Si l’Agneau est l’achèvement du sacerdoce du Christ, il est l’acte ultime de l’Époux : la passivité ultime de l’Agneau fait donc comprendre la jalousie d’amour, la préférence d’amour de Jésus pour Marie. Il est l’Époux qui la regarde comme la Femme et l’aime d’un choix d’amour unique. La plénitude de foi de Marie fait qu’elle n’a jamais remis en cause l’amour de l’Époux, même dans le plus grand abandon, dans le délaissement apparent le plus extrême, dans le dépouillement ultime du sépulcre. Nous, quand nous oublions le choix de préférence du Christ, quand il se tait, nous commençons à demander des comptes et nous revenons au niveau de la justice. Nous oublions la gratuité de l’amitié. Le silence de Jésus Agneau n’est pas le signe qu’il ne nous aime pas : c’est au contraire le signe de sa préférence d’Époux qui nous fait totale confiance et nous choisit. L’Époux est celui qui dit : « Je t’aime à ce point que tout est unique entre nous ». « Qu’y a-t-il entre toi et moi, femme ? » (cf. Jn 2), il n’y a rien entre nous qui soit une séparation. « Qu’y a-t-il entre toi et moi ? Mon heure n’est pas encore venue ». Jésus montre par là qu’elle est celle qui est parfaitement une avec lui et coopère donc parfaitement à son œuvre propre. Jésus ne dit pas du tout : « De quoi te mêles-tu ? », comme beaucoup l’interprètent malheureusement. C’est l’inverse : c’est la jalousie d’amour du choix de l’Époux, qui établit une totale confiance, une unité parfaite dans l’amour.

Et lorsqu’il devient l’Agneau, lorsqu’il s’efface, il n’est pas moins l’Époux : il est encore l’Époux dans sa jalousie d’amour, ce que le Cantique des cantiques montre tellement. C’est l’Époux qui a l’initiative et il s’efface, non pas parce qu’il est infidèle dans l’amour, mais pour que la Bien-aimée comprenne que l’amour va jusque-là : dans l’effacement, le silence, l’absence, – « Il est bon pour vous que je m’en aille ». C’est encore la jalousie de son amour d’Époux, qui la fait entrer dans un amour tellement gratuit qu’il porte même le silence, l’absence, et jusqu’à la mort : c’est un amour de résurrection, c’est un amour de gloire.

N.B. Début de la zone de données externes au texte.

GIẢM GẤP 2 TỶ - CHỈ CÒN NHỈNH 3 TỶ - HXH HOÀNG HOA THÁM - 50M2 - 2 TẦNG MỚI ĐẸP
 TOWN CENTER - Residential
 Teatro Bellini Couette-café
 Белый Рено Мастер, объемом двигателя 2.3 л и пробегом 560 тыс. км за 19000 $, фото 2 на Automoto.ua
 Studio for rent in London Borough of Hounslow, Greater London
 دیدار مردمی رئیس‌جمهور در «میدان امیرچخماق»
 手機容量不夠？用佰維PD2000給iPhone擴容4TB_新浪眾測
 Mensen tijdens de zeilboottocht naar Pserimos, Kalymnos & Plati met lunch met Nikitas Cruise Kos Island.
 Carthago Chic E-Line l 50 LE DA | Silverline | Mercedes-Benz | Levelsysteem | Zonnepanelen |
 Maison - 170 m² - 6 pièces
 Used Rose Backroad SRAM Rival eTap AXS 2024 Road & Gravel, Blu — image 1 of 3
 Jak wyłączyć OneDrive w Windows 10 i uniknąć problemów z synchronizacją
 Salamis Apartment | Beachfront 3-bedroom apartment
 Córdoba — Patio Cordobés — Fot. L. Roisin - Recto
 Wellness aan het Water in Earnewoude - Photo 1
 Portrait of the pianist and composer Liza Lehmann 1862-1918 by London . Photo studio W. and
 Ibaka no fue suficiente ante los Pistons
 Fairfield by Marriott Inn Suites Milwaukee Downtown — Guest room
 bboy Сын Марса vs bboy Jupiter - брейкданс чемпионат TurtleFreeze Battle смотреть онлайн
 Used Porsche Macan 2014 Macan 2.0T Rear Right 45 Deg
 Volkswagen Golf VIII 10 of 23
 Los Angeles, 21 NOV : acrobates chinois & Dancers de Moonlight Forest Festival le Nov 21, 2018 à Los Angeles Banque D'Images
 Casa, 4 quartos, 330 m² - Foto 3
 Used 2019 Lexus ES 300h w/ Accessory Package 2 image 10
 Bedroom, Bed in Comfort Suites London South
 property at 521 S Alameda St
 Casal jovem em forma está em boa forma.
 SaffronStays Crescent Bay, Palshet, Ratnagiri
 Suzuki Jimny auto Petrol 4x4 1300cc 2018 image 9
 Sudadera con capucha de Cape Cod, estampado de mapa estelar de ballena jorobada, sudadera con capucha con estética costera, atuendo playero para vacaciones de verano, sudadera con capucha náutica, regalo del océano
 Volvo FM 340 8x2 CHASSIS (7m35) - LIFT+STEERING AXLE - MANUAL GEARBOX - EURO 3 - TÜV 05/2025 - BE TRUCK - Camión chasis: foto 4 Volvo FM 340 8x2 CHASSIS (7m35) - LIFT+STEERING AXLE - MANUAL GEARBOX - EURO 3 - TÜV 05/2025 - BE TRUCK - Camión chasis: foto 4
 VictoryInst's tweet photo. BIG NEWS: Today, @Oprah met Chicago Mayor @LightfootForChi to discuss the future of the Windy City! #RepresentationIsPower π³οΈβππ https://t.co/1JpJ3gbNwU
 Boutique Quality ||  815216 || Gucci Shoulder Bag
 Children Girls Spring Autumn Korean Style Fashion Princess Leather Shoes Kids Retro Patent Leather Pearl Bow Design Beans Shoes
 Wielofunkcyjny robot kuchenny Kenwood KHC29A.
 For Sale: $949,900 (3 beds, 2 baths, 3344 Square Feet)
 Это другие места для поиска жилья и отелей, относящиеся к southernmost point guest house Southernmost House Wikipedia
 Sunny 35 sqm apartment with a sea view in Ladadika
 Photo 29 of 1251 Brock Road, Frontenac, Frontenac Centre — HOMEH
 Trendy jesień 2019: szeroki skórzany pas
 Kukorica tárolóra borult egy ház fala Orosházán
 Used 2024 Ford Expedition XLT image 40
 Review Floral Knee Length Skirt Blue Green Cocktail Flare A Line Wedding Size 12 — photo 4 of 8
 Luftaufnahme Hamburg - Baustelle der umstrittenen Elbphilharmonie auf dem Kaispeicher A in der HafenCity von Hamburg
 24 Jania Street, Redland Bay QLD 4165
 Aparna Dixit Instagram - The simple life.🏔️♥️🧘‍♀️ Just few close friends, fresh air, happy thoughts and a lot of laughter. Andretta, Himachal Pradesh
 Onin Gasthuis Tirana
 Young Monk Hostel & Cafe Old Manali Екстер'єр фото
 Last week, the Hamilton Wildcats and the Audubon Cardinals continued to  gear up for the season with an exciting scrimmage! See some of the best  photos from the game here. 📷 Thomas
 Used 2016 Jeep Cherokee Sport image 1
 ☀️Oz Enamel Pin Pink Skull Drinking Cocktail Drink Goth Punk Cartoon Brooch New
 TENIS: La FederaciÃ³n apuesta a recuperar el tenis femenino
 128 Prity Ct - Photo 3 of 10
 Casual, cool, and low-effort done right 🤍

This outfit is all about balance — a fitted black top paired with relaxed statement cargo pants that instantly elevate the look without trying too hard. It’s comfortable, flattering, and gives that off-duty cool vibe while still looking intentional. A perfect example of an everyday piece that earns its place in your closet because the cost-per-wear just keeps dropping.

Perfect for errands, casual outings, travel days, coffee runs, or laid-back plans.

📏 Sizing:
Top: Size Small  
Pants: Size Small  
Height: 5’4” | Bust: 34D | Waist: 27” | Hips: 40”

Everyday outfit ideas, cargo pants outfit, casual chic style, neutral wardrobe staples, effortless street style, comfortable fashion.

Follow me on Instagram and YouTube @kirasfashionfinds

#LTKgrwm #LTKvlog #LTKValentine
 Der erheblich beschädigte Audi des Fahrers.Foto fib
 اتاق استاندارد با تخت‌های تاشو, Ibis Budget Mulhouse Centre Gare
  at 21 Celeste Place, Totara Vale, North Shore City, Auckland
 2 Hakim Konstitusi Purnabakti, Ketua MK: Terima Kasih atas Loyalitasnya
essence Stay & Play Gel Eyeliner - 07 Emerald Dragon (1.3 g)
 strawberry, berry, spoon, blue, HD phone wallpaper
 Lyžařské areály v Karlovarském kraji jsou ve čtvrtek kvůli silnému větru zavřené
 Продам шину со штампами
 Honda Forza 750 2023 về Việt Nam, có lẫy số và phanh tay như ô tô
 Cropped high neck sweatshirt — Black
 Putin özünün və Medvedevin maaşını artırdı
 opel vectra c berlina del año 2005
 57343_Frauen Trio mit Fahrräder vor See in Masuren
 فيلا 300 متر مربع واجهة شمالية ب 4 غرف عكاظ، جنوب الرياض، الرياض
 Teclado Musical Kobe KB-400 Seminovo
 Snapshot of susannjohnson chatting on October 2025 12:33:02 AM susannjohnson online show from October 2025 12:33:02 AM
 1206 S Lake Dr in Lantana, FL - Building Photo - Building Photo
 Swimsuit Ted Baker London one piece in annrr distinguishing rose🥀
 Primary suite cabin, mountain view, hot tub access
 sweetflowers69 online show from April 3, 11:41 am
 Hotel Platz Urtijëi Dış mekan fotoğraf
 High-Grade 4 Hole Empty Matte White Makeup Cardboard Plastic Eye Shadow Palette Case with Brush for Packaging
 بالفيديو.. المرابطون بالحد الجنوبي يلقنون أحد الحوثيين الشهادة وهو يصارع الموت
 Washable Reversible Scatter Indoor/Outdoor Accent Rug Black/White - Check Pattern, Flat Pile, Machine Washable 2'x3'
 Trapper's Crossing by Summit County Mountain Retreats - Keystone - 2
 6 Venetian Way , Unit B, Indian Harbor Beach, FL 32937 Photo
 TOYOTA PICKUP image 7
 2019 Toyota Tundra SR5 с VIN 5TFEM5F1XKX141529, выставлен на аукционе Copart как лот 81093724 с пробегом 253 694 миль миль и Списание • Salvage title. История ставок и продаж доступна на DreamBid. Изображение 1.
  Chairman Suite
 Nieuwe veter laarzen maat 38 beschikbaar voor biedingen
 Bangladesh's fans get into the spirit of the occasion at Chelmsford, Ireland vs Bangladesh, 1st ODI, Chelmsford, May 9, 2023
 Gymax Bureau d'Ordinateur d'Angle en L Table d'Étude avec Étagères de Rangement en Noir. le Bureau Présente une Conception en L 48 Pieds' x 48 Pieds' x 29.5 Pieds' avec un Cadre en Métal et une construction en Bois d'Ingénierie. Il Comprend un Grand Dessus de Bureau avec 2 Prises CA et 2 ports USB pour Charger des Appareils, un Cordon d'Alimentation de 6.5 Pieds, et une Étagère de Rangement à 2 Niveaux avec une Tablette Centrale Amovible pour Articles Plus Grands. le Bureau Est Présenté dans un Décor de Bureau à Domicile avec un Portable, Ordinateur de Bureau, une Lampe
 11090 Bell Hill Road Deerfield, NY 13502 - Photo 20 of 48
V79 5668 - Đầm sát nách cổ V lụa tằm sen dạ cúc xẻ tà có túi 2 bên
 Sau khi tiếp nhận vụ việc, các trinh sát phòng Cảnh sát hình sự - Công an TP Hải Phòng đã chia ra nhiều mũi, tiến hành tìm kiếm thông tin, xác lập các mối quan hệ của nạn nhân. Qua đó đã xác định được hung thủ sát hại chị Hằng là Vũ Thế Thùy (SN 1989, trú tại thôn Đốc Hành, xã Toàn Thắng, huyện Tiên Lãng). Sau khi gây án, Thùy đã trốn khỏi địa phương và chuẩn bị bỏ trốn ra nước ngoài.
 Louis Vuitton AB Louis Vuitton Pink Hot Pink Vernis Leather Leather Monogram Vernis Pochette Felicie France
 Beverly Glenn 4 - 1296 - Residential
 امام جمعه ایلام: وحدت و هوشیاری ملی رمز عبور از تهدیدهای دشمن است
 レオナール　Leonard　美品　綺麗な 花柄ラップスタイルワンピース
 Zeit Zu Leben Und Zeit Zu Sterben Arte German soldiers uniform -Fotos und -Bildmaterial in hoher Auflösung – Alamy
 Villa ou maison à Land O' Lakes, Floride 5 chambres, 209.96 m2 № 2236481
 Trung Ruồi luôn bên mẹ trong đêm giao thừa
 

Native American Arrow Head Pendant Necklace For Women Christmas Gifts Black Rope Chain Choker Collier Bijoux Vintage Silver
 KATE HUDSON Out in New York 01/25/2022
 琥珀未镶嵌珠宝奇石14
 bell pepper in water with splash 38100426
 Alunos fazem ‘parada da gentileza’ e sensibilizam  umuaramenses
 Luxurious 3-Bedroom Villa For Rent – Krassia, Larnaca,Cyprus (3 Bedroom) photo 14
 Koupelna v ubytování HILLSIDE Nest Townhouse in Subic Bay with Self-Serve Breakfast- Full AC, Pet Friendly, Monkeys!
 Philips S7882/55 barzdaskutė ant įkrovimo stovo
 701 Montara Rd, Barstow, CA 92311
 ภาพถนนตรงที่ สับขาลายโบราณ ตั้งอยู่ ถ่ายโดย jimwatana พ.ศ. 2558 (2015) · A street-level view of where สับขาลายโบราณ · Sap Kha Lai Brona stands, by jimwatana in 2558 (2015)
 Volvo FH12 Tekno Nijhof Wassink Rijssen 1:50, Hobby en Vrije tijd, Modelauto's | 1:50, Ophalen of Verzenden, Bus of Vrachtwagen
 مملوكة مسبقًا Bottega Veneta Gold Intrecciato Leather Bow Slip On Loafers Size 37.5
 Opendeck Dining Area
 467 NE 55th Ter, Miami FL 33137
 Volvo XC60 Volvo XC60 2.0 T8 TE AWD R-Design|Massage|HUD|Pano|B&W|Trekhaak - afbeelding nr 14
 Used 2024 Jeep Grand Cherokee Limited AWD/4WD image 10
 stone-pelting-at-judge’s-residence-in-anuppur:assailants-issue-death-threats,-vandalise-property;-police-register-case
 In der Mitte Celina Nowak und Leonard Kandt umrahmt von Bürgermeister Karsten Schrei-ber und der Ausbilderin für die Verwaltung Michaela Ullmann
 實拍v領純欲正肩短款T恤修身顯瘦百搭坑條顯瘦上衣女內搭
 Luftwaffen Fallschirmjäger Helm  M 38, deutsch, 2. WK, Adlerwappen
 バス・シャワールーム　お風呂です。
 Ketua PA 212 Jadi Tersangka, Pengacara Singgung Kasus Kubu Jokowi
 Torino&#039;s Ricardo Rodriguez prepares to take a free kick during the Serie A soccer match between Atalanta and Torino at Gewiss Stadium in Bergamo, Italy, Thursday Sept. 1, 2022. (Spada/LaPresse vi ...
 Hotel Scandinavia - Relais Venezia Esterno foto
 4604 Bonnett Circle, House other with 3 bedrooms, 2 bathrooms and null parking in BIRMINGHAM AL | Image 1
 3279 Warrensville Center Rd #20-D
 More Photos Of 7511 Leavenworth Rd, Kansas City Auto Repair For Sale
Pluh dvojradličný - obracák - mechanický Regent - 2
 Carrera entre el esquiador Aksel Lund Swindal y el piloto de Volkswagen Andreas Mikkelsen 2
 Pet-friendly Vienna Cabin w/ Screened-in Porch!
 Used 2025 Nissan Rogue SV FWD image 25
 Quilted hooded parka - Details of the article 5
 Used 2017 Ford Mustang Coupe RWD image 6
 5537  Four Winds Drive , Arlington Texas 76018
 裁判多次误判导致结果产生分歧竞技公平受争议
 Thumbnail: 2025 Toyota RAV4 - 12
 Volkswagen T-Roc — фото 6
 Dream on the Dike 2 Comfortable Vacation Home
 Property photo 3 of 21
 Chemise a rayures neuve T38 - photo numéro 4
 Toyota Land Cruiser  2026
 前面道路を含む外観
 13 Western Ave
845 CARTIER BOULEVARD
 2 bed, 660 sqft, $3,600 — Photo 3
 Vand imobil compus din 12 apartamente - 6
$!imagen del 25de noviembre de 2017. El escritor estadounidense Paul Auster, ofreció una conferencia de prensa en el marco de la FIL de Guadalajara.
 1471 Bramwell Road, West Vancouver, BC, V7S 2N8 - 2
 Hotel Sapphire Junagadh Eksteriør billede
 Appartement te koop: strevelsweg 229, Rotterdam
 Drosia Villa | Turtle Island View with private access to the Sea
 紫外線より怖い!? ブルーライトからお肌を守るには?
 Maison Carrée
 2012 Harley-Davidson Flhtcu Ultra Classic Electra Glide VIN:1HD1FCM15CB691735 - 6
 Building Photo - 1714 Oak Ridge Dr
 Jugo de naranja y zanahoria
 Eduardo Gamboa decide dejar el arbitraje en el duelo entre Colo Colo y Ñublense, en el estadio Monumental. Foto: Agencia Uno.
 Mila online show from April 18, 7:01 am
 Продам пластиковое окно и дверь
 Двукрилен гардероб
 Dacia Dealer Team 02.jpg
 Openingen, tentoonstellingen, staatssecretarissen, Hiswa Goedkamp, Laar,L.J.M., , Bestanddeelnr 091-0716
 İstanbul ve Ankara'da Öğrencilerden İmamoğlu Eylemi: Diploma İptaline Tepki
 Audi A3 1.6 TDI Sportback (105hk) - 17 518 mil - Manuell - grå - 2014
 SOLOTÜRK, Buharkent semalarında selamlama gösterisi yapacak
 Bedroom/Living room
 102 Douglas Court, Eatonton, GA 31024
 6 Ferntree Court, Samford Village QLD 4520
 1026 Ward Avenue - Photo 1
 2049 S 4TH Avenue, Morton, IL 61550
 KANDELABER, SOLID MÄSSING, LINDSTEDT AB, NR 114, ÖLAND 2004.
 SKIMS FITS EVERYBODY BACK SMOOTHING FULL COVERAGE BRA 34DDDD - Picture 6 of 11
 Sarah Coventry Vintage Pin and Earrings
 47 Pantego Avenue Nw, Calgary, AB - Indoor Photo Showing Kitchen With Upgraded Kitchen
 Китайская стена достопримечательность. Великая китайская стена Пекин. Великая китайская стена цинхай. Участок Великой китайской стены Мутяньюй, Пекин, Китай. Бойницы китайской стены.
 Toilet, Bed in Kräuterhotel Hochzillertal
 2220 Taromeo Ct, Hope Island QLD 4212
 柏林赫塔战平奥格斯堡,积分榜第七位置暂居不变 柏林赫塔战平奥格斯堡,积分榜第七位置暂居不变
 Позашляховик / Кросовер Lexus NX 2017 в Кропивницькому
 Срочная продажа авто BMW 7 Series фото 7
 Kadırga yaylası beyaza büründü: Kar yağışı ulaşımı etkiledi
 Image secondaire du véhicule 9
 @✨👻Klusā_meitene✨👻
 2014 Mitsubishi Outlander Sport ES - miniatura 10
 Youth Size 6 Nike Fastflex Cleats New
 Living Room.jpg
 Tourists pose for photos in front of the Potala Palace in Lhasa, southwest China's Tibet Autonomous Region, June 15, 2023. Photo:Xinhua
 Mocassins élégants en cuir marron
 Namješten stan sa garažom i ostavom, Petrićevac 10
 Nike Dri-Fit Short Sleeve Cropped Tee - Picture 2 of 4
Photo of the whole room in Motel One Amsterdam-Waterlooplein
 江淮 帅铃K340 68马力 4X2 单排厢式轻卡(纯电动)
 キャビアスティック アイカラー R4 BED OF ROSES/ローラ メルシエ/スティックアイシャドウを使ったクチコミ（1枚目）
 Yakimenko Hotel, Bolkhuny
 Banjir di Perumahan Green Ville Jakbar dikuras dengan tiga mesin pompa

L’amour de l’Époux est Celui même de Dieu : il finit par être un amour glorieux, un amour victorieux de tout ; il n’y a plus que l’amour. Et si Jésus accepte cette passivité de l’Agneau, s’il se laisse mener comme l’agneau à l’abattoir (Is 53), c’est pour qu’il y ait l’initiative de l’Épouse qui coopère et découvre le secret de l’amour divin, le mystère personnel de l’Esprit Saint Paraclet, à travers la passivité la plus grande. A travers l’Agneau, à travers le geste ultime de l’Agneau, la blessure du Cœur, à travers le silence victimal ultime de l’Agneau, du Verbe devenu chair, Marie découvre l’amour de l’Époux dans ce qu’il a d’ultime. Elle y coopère en entrant pleinement dans l’intention du Père. A la Croix et dans le mystère de sa Compassion, elle vit pleinement selon l’intention du Fils qui glorifie le Père (cf. Jn 17). Elle y entre, dans une unité plénière : l’époux et l’épouse vivent l’unité dans l’amour. Elle est pleinement la bien-aimée, dans une unité parfaite.